Pattern 20: Evaluation and Monitoring¶

"Tracking agent performance, logging metrics, and evaluating outcomes for continuous improvement"

📖 Overview¶

Evaluation and Monitoring involves systematically tracking agent performance, collecting metrics, logging events, and analyzing outcomes to ensure reliable operation and continuous improvement.

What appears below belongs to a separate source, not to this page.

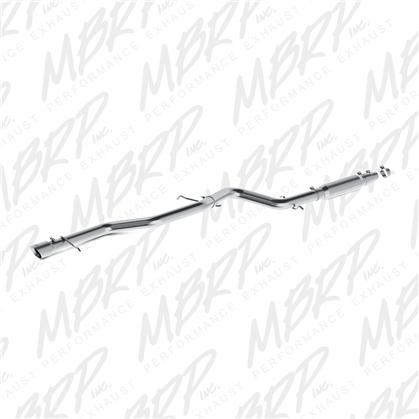 mbrp 05.5-06 vw 1.9l tdi jetta 3in t409 cat back exhaust s4600409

This pattern is essential for production systems where you need visibility into agent behavior, performance bottlenecks, and failure modes.

🎯 How Codex Implements Evaluation and Monitoring¶

Codex implements comprehensive monitoring through multiple layers: OpenTelemetry for metrics, rollout logging for session replay, and real-time performance tracking in the TUI.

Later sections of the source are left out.